-- THE TASK --
Take the material below and reproduce, word for word, only the lines from the line with "Свадебная прогулка у" through the line with "Piso de 77 m² en Sevilla".

-- PROVIDED INFORMATION --

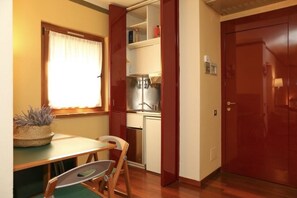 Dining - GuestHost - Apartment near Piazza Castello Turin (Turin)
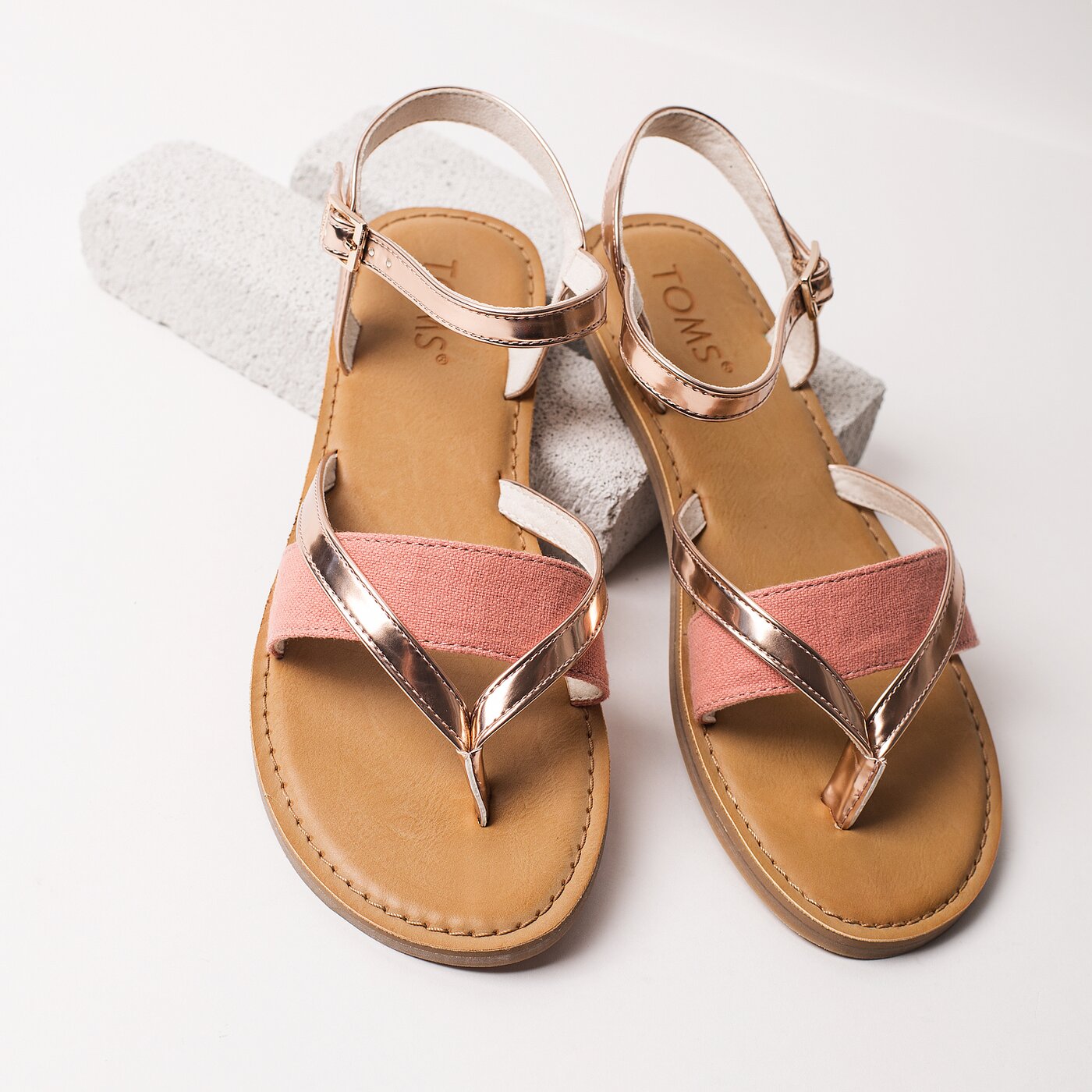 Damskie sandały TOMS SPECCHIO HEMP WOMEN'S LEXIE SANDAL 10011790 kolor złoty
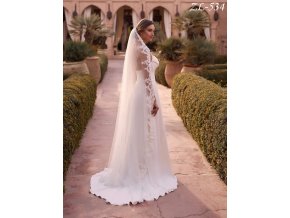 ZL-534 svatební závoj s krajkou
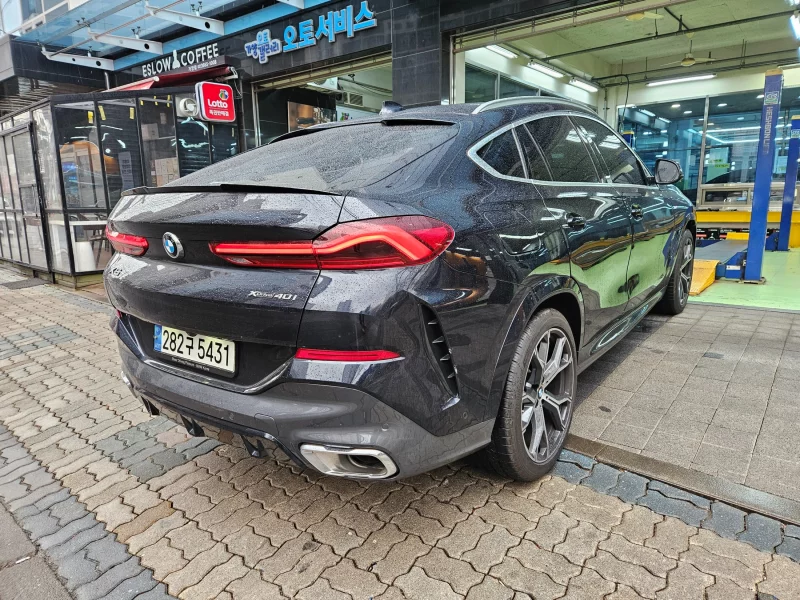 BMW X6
--
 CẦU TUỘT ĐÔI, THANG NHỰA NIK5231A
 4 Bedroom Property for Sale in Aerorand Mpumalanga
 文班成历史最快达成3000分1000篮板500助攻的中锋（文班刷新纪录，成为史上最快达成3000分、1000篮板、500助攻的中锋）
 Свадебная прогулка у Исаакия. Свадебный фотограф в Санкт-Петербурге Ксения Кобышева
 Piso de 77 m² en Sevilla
* * *
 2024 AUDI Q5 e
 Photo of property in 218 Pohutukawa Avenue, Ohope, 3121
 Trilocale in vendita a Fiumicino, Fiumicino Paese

-- SOLVED PROBLEM --
 Свадебная прогулка у Исаакия. Свадебный фотограф в Санкт-Петербурге Ксения Кобышева
 Piso de 77 m² en Sevilla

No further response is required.